Waarom zijn ggo's niet toegelaten in bio?
Veel nieuwe gentechnieken zoals ggo’s (genetisch gemodificeerde organismes) claimen dat ze onze voedselzekerheid kunnen verbeteren door nieuwe plantenrassen te ontwikkelen die ondanks droogte zorgen voor een betere oogst met minder pesticiden. Dat klinkt als een wondermiddel, maar toch kiest biologische landbouw voor een andere weg. Waarom?

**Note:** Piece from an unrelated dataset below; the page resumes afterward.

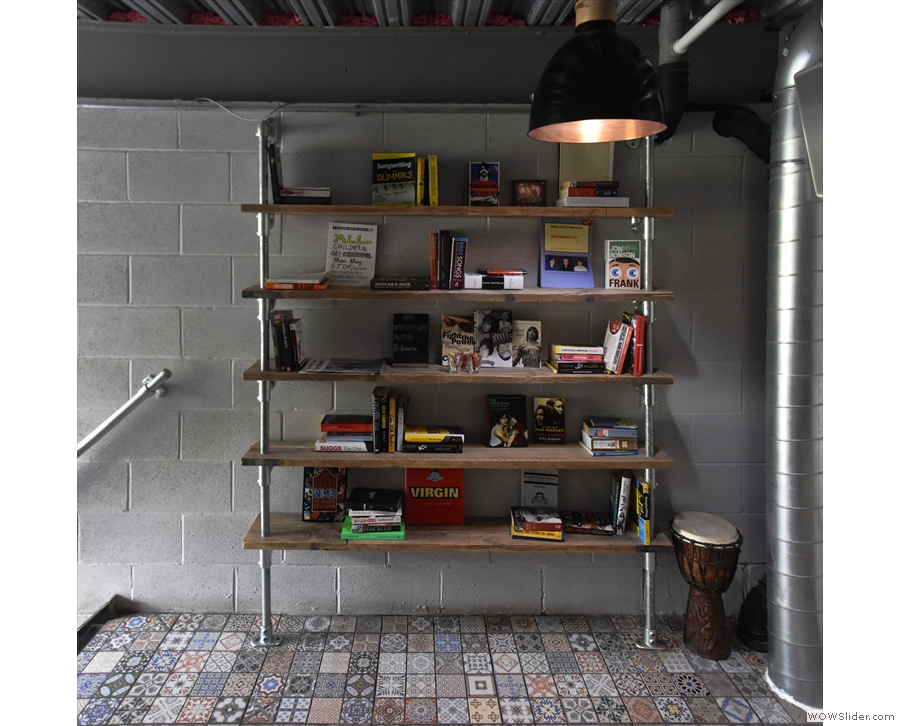 The shelves at the top of the stairs on the left hold a variety of music books.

In de biologische landbouw is het gebruik van ggo’s (genetisch gemodificeerde organismes) niet toegelaten, omdat ze haaks staan op de principes van bio waarbij de boer samenwerkt met de natuur en de biodiversiteit rond zijn akker beschermt. Deze biodiversiteit betekent ook ruimte voor een grote genetische diversiteit in gewassen. Deze diversiteit zorgt ervoor dat een grotere variëteit aan planteneigenschappen bewaard blijft. Eigenschappen die mogelijk vroeg of laat van pas kunnen komen met wisselende weersomstandigheden of plagen.
Plaats in het ecosysteem
Een plant werkt samen met zijn bodem, insecten en weersomstandigheden. Als deze in balans zijn met elkaar ontwikkel je de perfecte plant met een gezonde weerstand. De biosector stimuleert boeren daarom om zelf aan de slag te gaan met het ontwikkelen van hun eigen vitale plantenrassen. Met deze methode ontwikkel je unieke gewassen afgestemd op hun omgeving en in samenwerking met hun ecosysteem. Gentechnologie gaat uit van een ander principe: zij willen een superefficiënt plantenras ontwikkelen dat bestendig is tegen alle ziektes en weersomstandigheden, ongeacht de omstandigheden waarin de plant groeit. Hiermee claimen ze een snelle en doeltreffende oplossing te vinden voor de uitdagingen van de klimaatverandering en om het pesticidengebruik te kunnen verminderen. Toch zijn er ook duidelijke keerzijden.
Verlies van keuzevrijheid
Boeren kopen de genetisch gemodificeerde planten met het idee een efficiënte oplossing te hebben gevonden voor een vruchtbare oogst. Ze betalen hier ook kostelijk voor: ze kopen een licentie voor vaak eenjarige planten met vaak bijbehorende pesticiden – allemaal onder een dure merknaam met een streng juridisch patent. Hierdoor mogen (bio)boeren niet meer zelf hun zaden telen, en neemt de biodiversiteit aan gewassen af. Zowel de boer als de winkelbezoeker verliest daarmee in keuze aan groente of fruit. Tijdens de laatste eeuw verloren we al ongeveer 75 procent van onze groenten-en fruit variëteiten.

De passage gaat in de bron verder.